**Materials provided:**
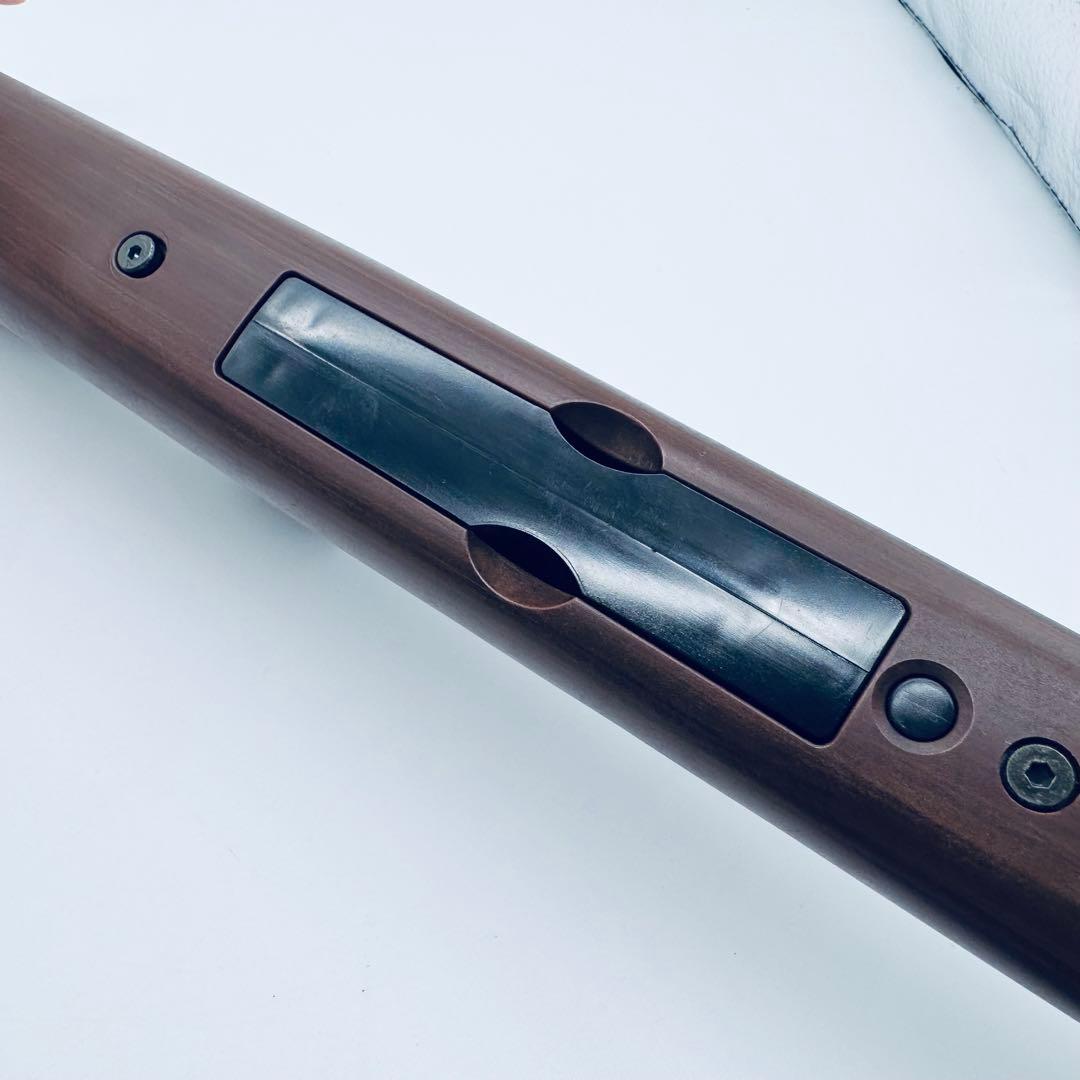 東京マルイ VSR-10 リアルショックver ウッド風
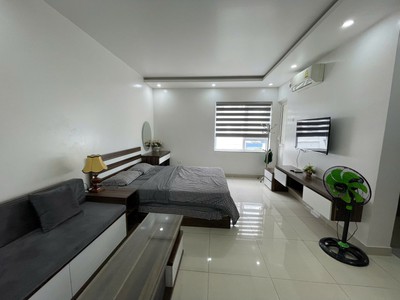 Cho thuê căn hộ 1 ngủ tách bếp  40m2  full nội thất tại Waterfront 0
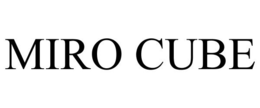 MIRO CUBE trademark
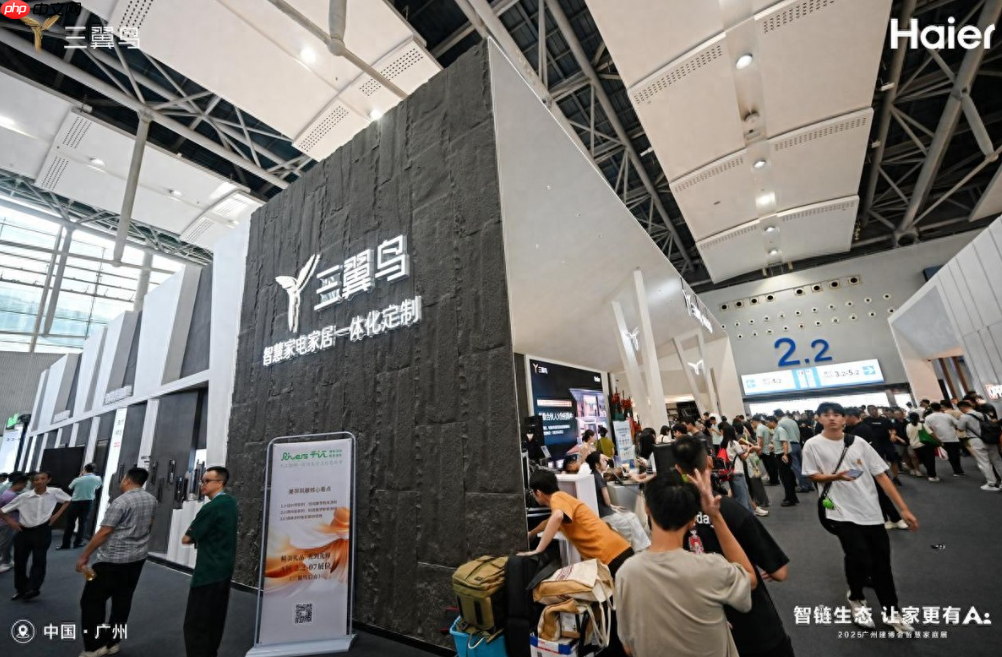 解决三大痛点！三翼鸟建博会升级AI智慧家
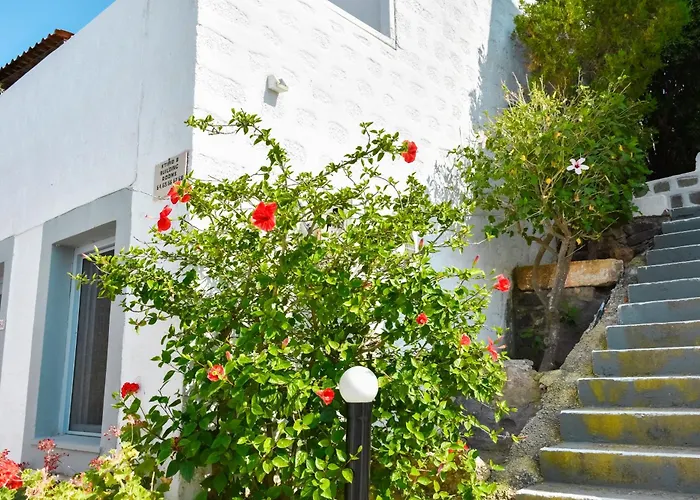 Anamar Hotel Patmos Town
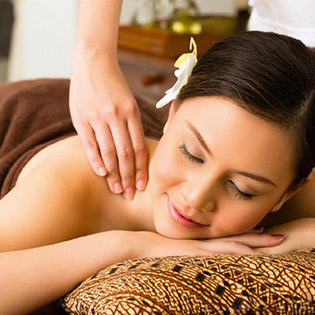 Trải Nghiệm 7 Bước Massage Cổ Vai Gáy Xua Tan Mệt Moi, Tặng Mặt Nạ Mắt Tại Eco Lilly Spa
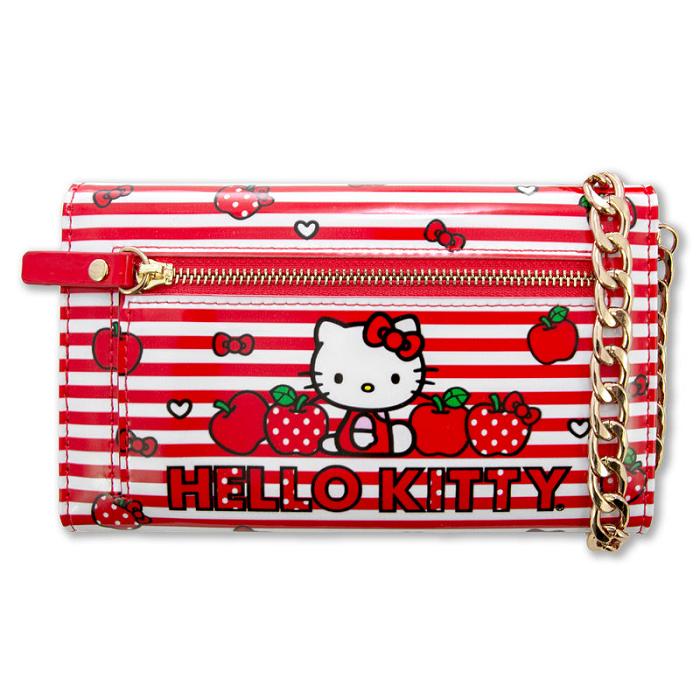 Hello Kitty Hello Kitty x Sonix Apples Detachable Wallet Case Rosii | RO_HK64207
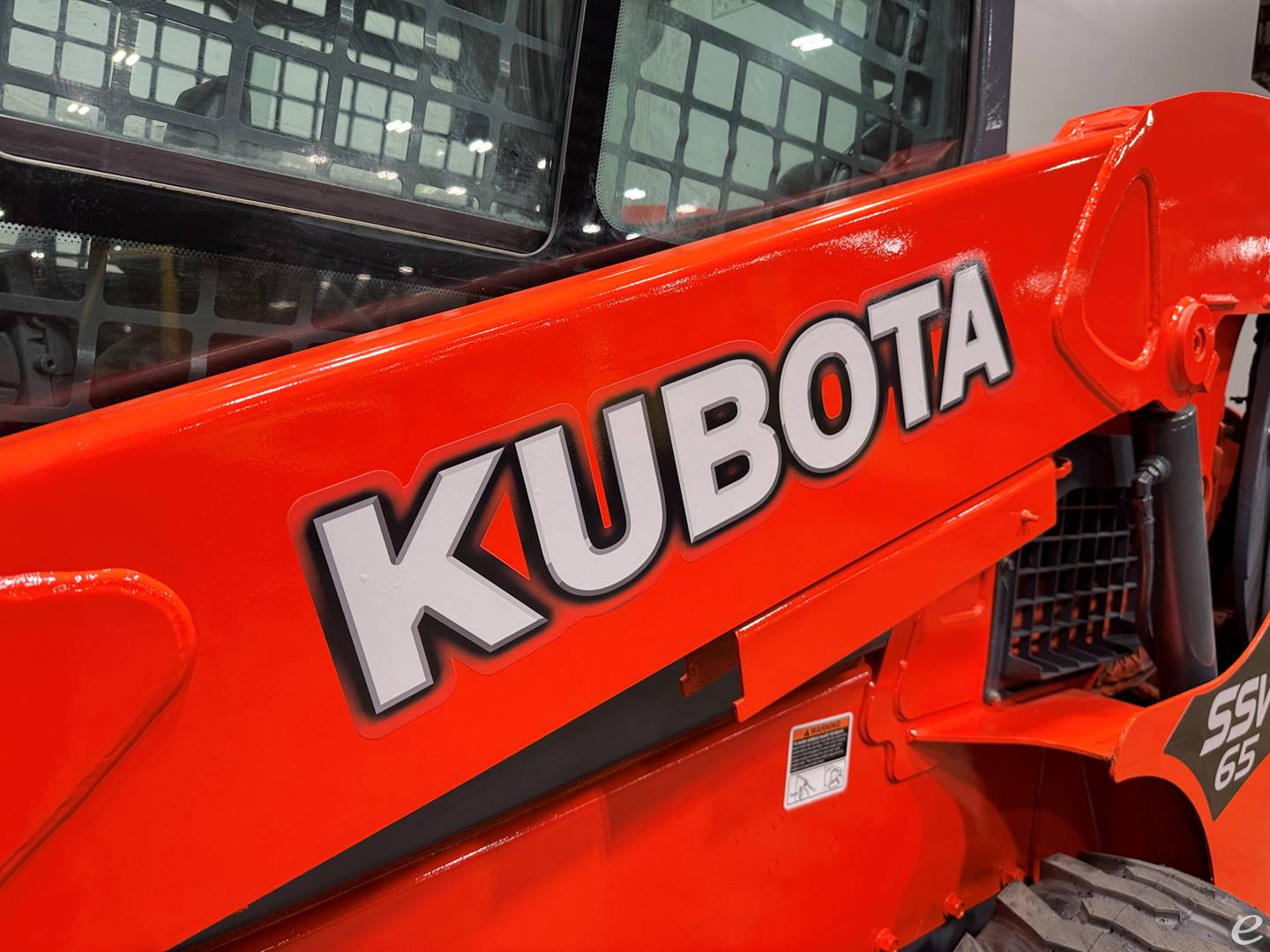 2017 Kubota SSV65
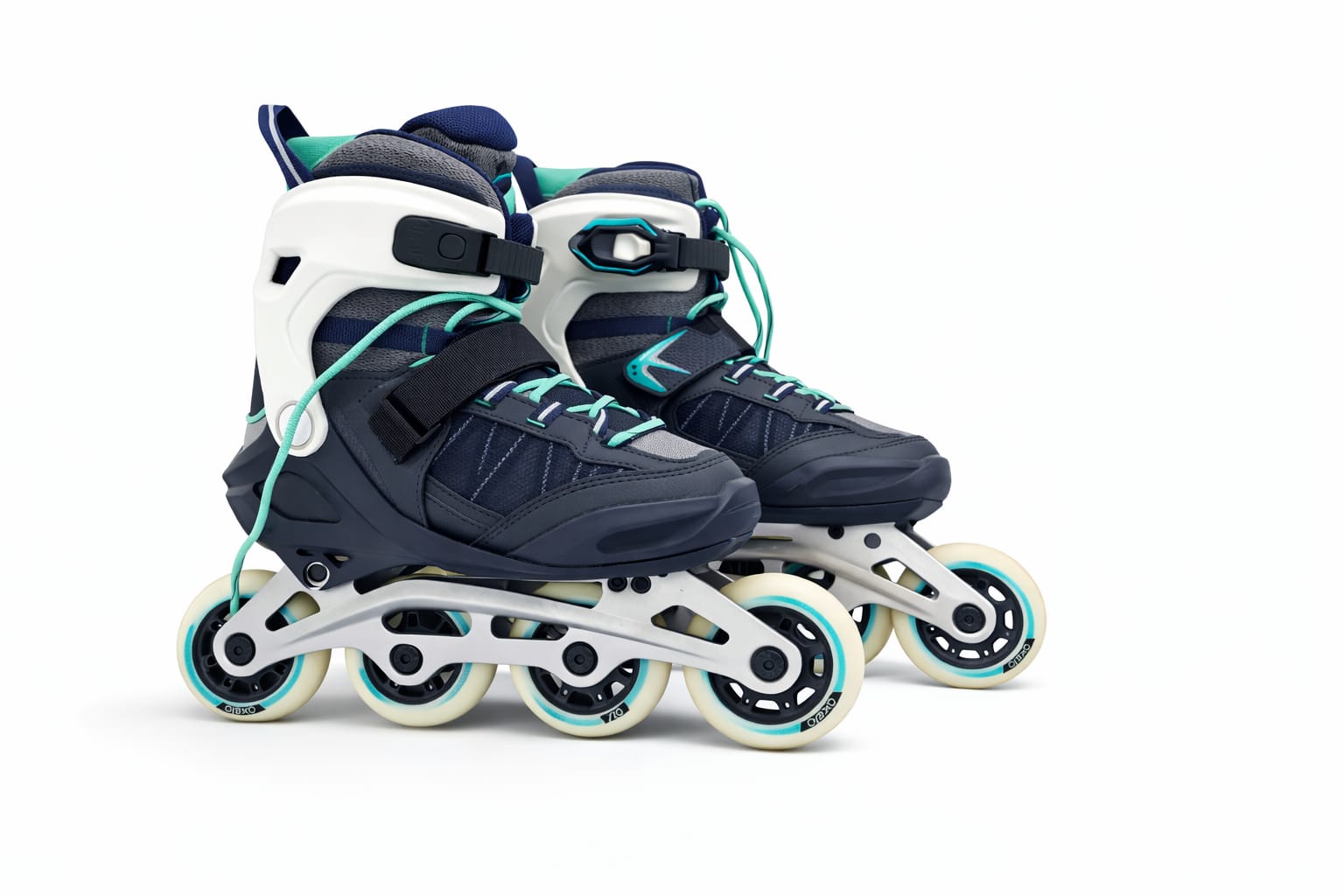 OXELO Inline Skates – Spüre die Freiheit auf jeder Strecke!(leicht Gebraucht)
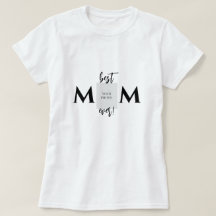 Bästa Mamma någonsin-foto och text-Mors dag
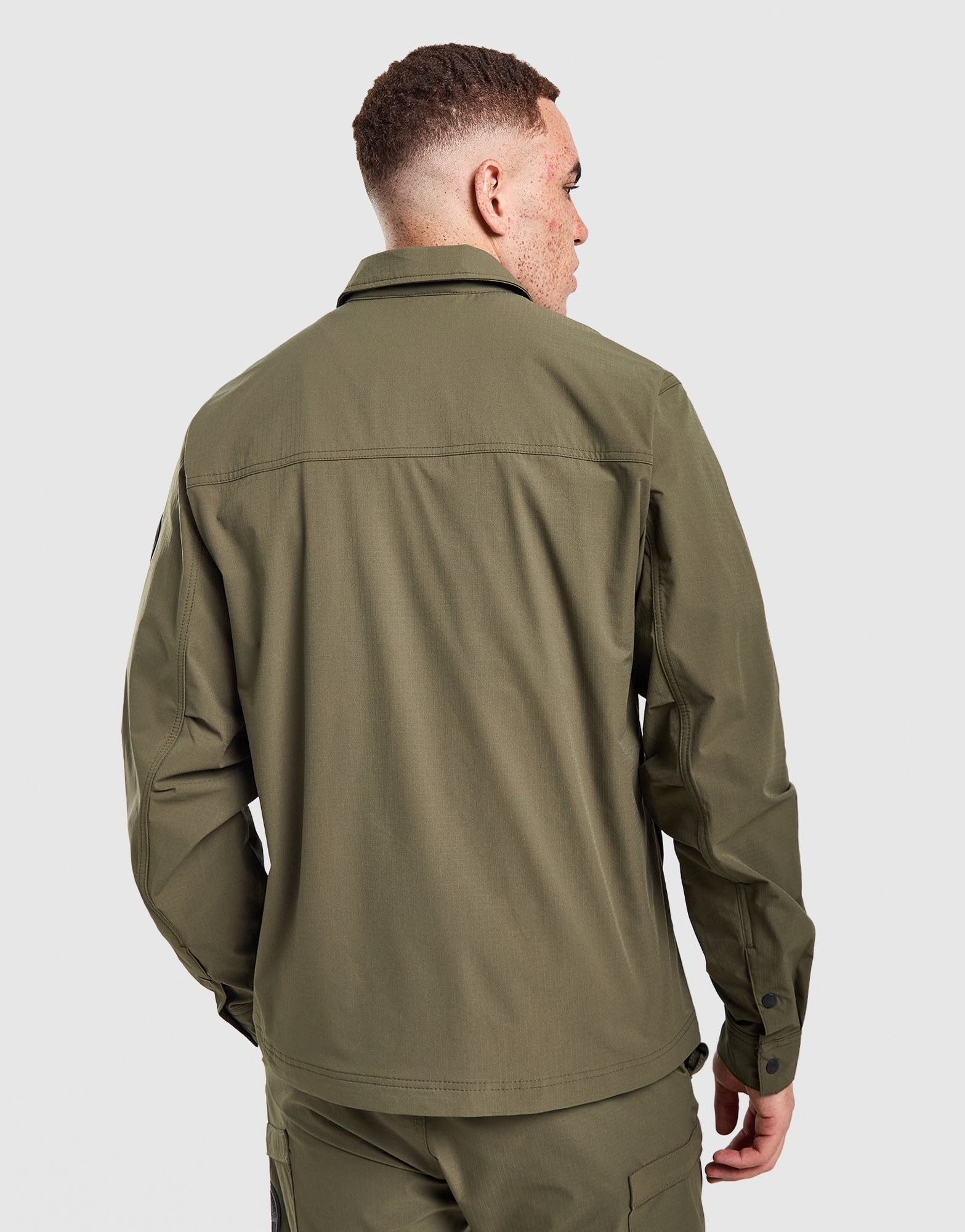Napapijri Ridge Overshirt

**Task brief:** Take the lines from the one holding "Cho thuê căn" through the last line of the data above and copy them exactly, both ends included, omitting all pictures.

**Answer space:**
 Cho thuê căn hộ 1 ngủ tách bếp  40m2  full nội thất tại Waterfront 0
 MIRO CUBE trademark
 解决三大痛点！三翼鸟建博会升级AI智慧家
 Anamar Hotel Patmos Town
 Trải Nghiệm 7 Bước Massage Cổ Vai Gáy Xua Tan Mệt Moi, Tặng Mặt Nạ Mắt Tại Eco Lilly Spa
 Hello Kitty Hello Kitty x Sonix Apples Detachable Wallet Case Rosii | RO_HK64207
 2017 Kubota SSV65
 OXELO Inline Skates – Spüre die Freiheit auf jeder Strecke!(leicht Gebraucht)
 Bästa Mamma någonsin-foto och text-Mors dag
Napapijri Ridge Overshirt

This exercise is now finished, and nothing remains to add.